• **GIVEN ENTRIES**:
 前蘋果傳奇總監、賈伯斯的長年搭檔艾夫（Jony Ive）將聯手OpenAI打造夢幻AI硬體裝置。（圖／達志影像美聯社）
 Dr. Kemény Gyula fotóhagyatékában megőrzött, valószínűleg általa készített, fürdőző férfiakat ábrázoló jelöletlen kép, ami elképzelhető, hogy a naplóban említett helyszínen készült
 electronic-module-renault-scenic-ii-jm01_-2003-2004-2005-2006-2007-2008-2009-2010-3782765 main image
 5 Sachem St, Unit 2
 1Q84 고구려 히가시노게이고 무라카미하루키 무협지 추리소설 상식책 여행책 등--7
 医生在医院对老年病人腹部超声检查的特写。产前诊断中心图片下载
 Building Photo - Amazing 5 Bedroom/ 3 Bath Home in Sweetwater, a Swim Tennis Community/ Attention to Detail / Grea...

* * *

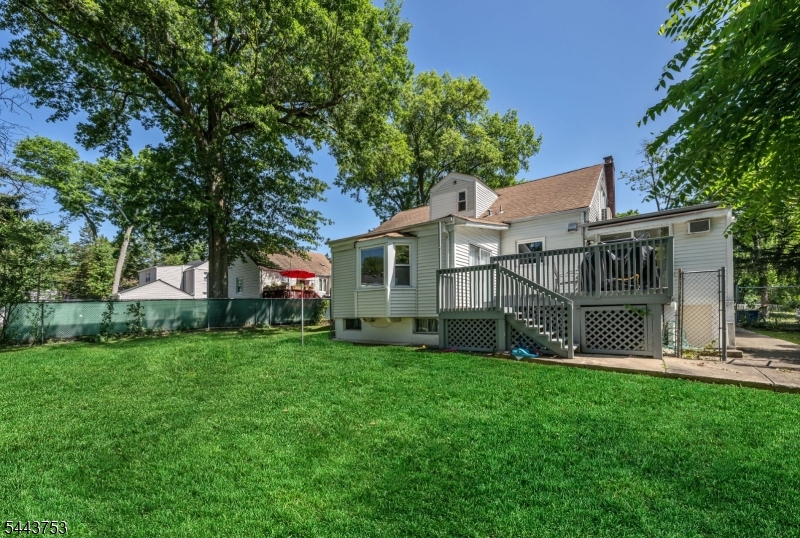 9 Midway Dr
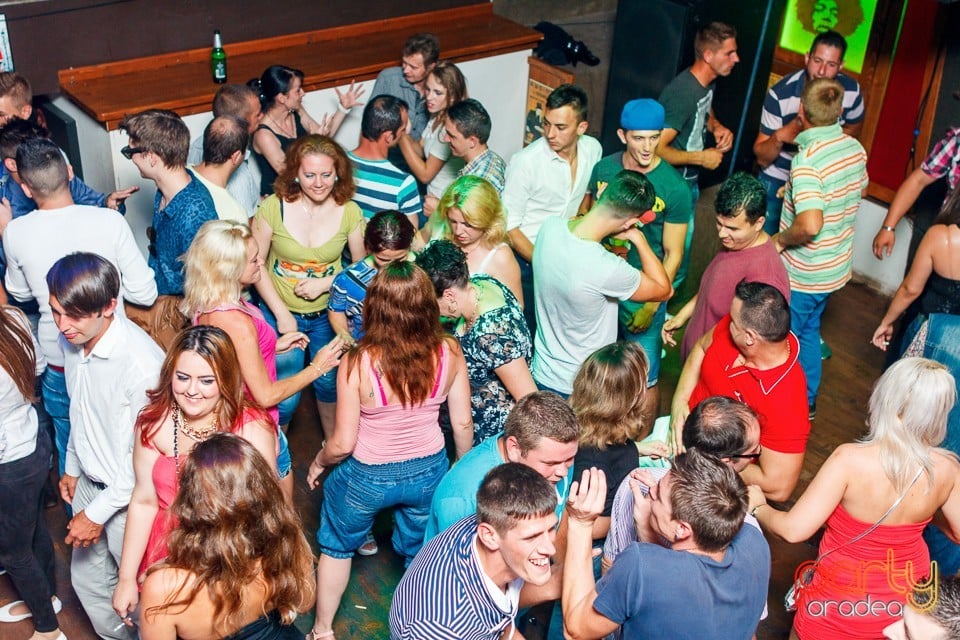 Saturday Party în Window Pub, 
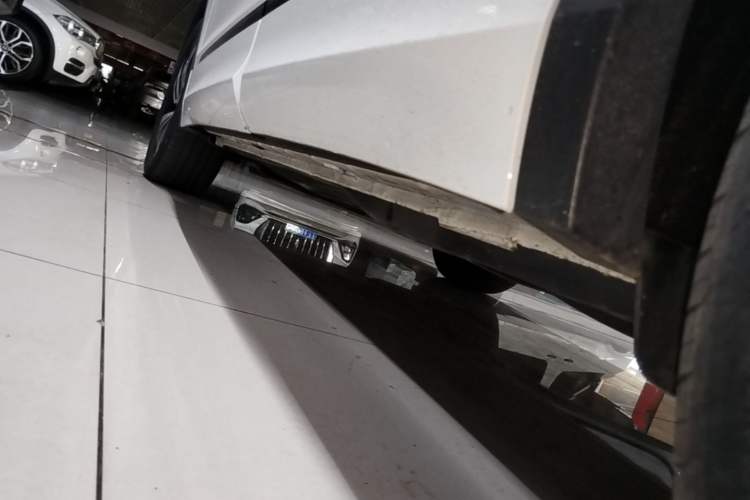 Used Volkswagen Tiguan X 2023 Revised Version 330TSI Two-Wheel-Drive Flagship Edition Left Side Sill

--

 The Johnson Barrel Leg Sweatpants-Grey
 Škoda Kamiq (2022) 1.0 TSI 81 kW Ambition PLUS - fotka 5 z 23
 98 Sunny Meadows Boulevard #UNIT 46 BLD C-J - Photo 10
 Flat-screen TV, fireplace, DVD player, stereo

• **ABOUT THIS EXERCISE**:
When you reach the line holding "The Johnson Barrel Leg Sweatpants-Grey" in the records above, begin reproducing exactly, stop after the line holding "Flat-screen TV, fireplace, DVD", and output nothing else.

• **WRITTEN RESPONSE**:
 The Johnson Barrel Leg Sweatpants-Grey
 Škoda Kamiq (2022) 1.0 TSI 81 kW Ambition PLUS - fotka 5 z 23
 98 Sunny Meadows Boulevard #UNIT 46 BLD C-J - Photo 10
 Flat-screen TV, fireplace, DVD player, stereo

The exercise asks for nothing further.